=== The task ===
Return all of the data exactly, omitting any images.

=== Dataset ===
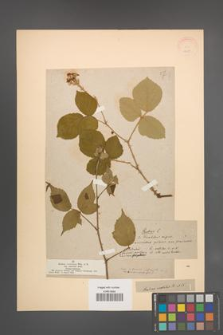 Rubus vestitus [KOR 18658]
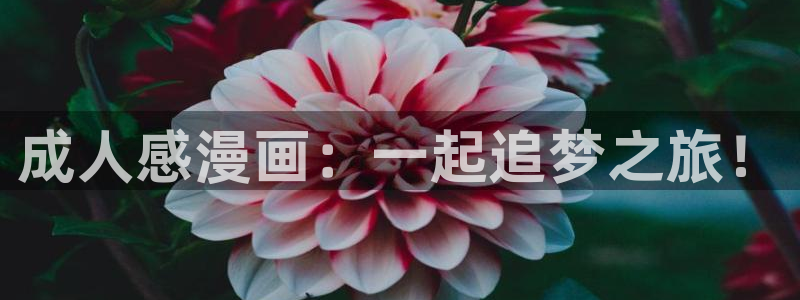 囧次元下载最新版：成人感漫画：一起追梦之旅！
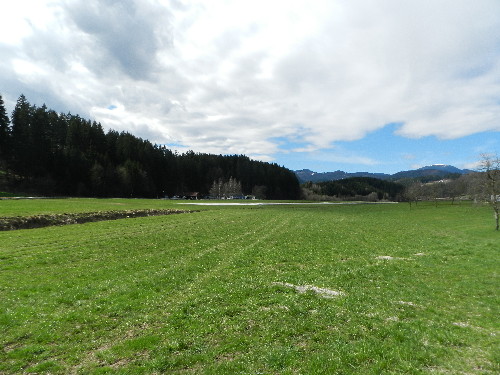 DSCN0328.JPG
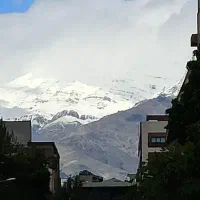 اجاره خونه حیاطی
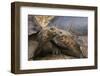 South America, Ecuador, Galapagos Islands. Two Giant Male Tortoises-Jaynes Gallery-Framed Photographic Print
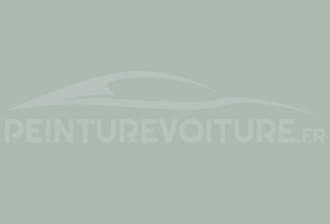 Code peinture Berliet 7202 Gris Horizon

=== Result below ===
 Rubus vestitus [KOR 18658]
 囧次元下载最新版：成人感漫画：一起追梦之旅！
 DSCN0328.JPG
 اجاره خونه حیاطی
 South America, Ecuador, Galapagos Islands. Two Giant Male Tortoises-Jaynes Gallery-Framed Photographic Print
 Code peinture Berliet 7202 Gris Horizon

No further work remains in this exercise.